Review of Iluzija

Iluzija (2004)
10/10
The Importance of Understanding a Boy
17 March 2006
"Mirage" focuses on the experience of a 12-year-old boy living in contemporary Macedonia. This film shows the extraordinary vulnerability of boys -- those beings who will become "our men" -- to the savagery of abuse and hypocrisy, at home and at school, and in society. All of these assaults are, like war itself, direct attacks on all children, of course, but especially on boys -- something we are just beginning to wake up to understanding. Here we see all the promise and hope and persistence that boys offer freely and without strings attached being battered, humiliated and finally overwhelmed by meanness born of resentment, cowardice where there should be tender, savvy guidance, and neglect by distracted, emotionally (and economically) impoverished parents. Macedonia, yes, -- but the setting could have been any neighborhood in the United States that is clouded by poverty. The lead is a awesome performance -- just heartbreaking -- by Marko Kovacevic. We watch this this boy, this surprise in the midst of banality and misery that every boy springs on us and which should delight us and perhaps could save us -- we watch him methodically terrorized and hurt.

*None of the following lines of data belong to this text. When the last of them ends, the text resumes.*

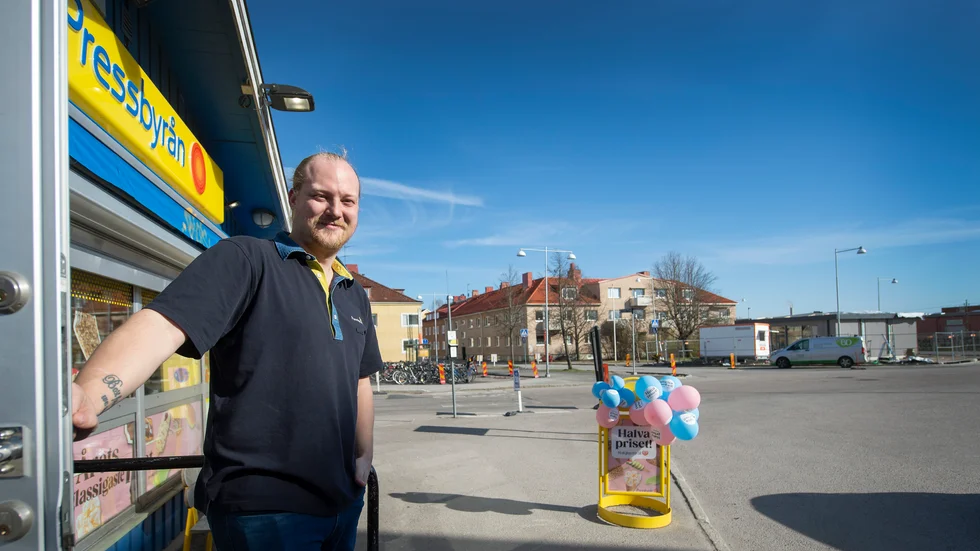Pontus Kappel Eriksson jobbar på den gamla pressbyrån och ska, som övrig personal, flytta över till den nya när den är klar. "Det är kul att få vara med om en nystart och att de satsar här nu när det ska bli både buss- och tågstation på samma ställe", säger han.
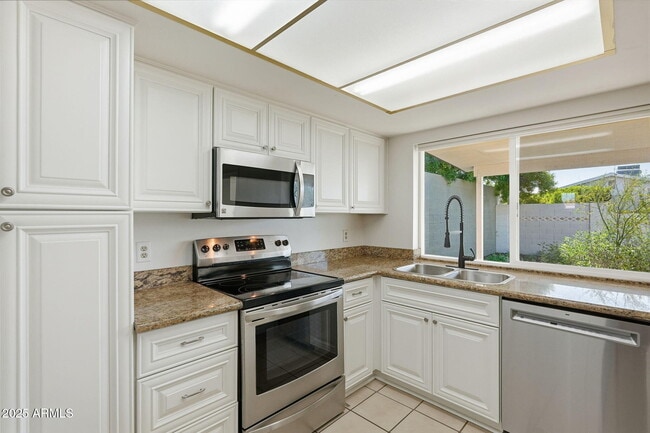 Building Photo - 1321 E Townley Ave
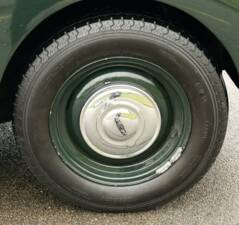 Image 19/50 of Jaguar XK 120 FHC (1953)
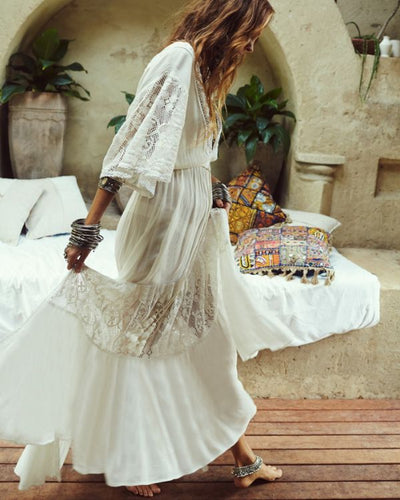 Hippie Boho Kleid in weiss mit Spitzen Lace Details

We see his hope and optimism annihilated. At first, sheer bewilderment at unremitting harshness forces his head to hang low -- again and again -- until, finally, it rears up after "just too much" and he looks at us, and acts. By then he is an early version of Paris (played by Nikola Djuricko), the man he will become, who was able just barely to promise Marko a way out -- but then lets him down. For starters, let this film be seen by every school teacher in the United States, then every father, and if the schools themselves can find the courage, by every kid in junior and senior high school in America.